His second novel, Women of the Airplanes , was published in 1988 and in 1992 Major Gentl and the Achimota Wars came out. The latter takes place in 2020 and represents a struggle for survival between Major Gentl for Africa and Torro the Terrible, a European-African hybrid.

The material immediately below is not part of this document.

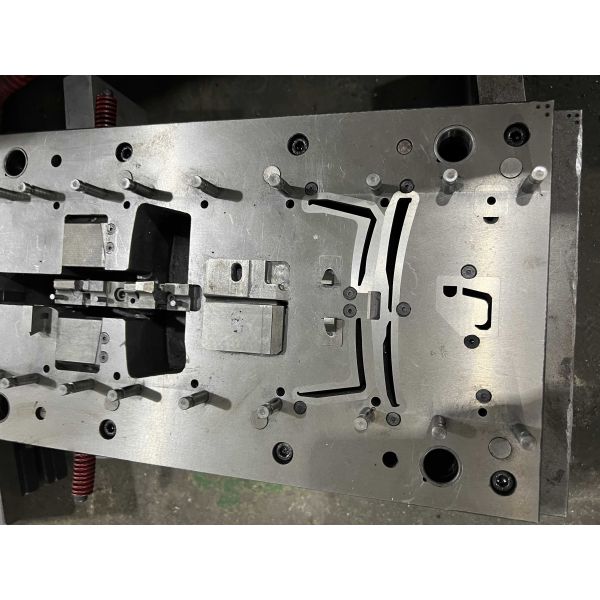 Hardware stamping parts, stainless steel stamping deep drawing parts processing,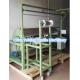 top quality 1 cylinders  finishing and starching machine for zipper tape, elastic webbing,belt China factory Tellsing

His work made use of a certain mixed language of the purest Oxford English and the colloquial Pidgin English used in Africa . His work also had influences from African languages ​​(including Ga and Fante ) and mixed everything into a linguistically excellent performance.

Works

  • Search Sweet Country , Roman, 1986; German Die Sonnensucher , 1995. New edition with an afterword by Ilija Trojanow, Edition Büchergilde, Frankfurt am Main, 2015, ISBN 978-3-86406-052-6 .
  • Woman of the Airplanes , Roman, 1988
  • Godhorse , volume of poetry, 1989
  • Major Gentl and Achimota Wars , Roman, 1992

Web links

Individual evidence

  1. ^ Writers pay tribute to Kojo Laing: 'Africa's best novelist, by far' - Binyavanga Wainaina In: The ReadingList, accessed April 26, 2017
  2. a b Holger Ehling (Hrsg.) / Peter Ripken (Hrsg.): The literature of Black Africa. A lexicon of the authors . Munich 1997, ISBN 3-406-42033-8 , p. 65.